I have the following regular expression (Python) that I don't understand at the following point. Why doesn't it match the first alternation, too?
Regex (spaced for better understanding):
(?:
\$\{
(?P<braced>
[_a-zA-Z][a-zA-Z0-9]*(?::[_a-zA-Z][_a-zA-Z0-9]*)+
)
\}
)
| ### SECOND ALTERNATION ###
(?:
\$
(?P<named>
[_a-zA-Z][a-zA-Z0-9]*(?::[_a-zA-Z][_a-zA-Z0-9]*)+
)
)
Test String:
asdasd $asd:sd + ${asd123:asd} $HOME $$asd
Matched stuff:
asdasd $asd:sd + ${asd123:asd} $HOME $$asd
According to the regex pattern above, the first alternation should also appear, namely:
${asd123:asd}
It seems I don't quite get the alternation pattern?

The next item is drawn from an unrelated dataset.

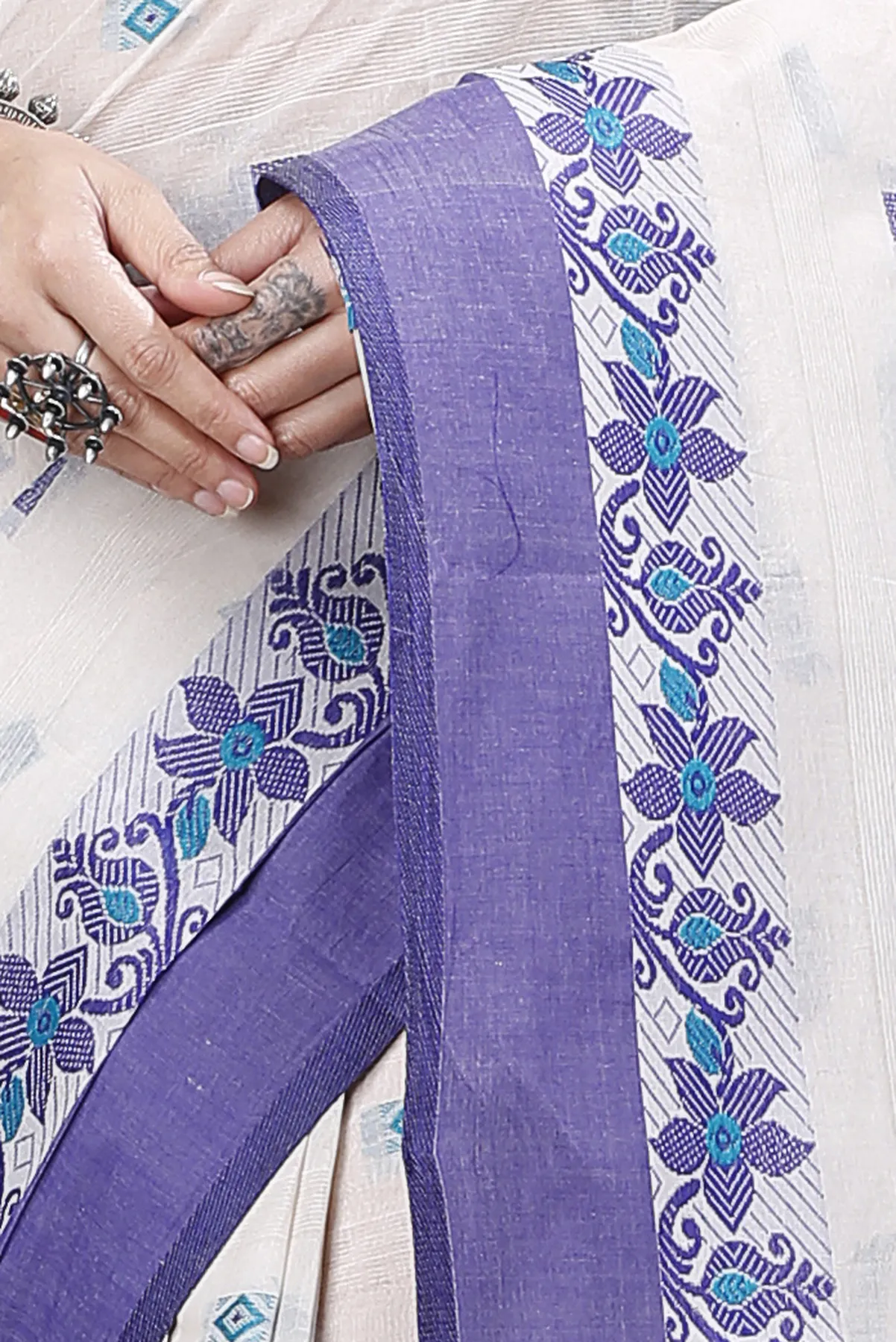 DipDiya Pure Cotton White Ramala Tradition in Every Thread Tant Sarees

In order to capture ${...}
, you need to remove ?:
to turn non-capturing groups into capturing ones. You can make them named as well. Also [_a-zA-Z0-9] is equal to \w, thus we can shorten your regex a bit:
(?P<Alternation1>
\$\{(?P<braced>[_a-zA-Z][a-zA-Z0-9]*(?::[_a-zA-Z]\w*)+)
\}
)
|
(?P<Alternation2>
\$(?P<named>[_a-zA-Z][a-zA-Z0-9]*(?::[_a-zA-Z]\w*)+
)
)
Have a look at the demo. This regex requires the use of x
option (and g
options on regex101.com to show all matches, in Python, you'd use findall
or finditer
).
More information about non-capturing groups is available on SO and at regular-expressions.info.

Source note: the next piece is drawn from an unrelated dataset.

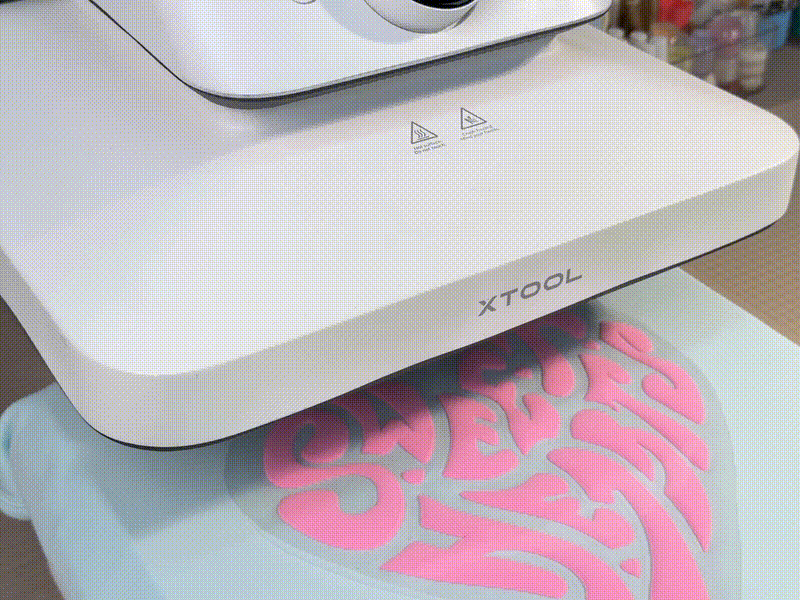 xTool WonderPress: Puff Vinyl Shirt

To just get all matches in Python, you can use finditer
like this:
import re
p = re.compile(ur'''(?P<Alternation1>
\$\{(?P<braced>[_a-zA-Z][a-zA-Z0-9]*(?::[_a-zA-Z]\w*)+)
\}
)
|
(?P<Alternation2>
\$(?P<named>[_a-zA-Z][a-zA-Z0-9]*(?::[_a-zA-Z]\w*)+
)
)
''', re.VERBOSE)
test_str = u"asdasd $asd:sd + ${asd123:asd} $HOME $$asd"
print [x for x in re.findall(p, test_str)]
See IDEONE demo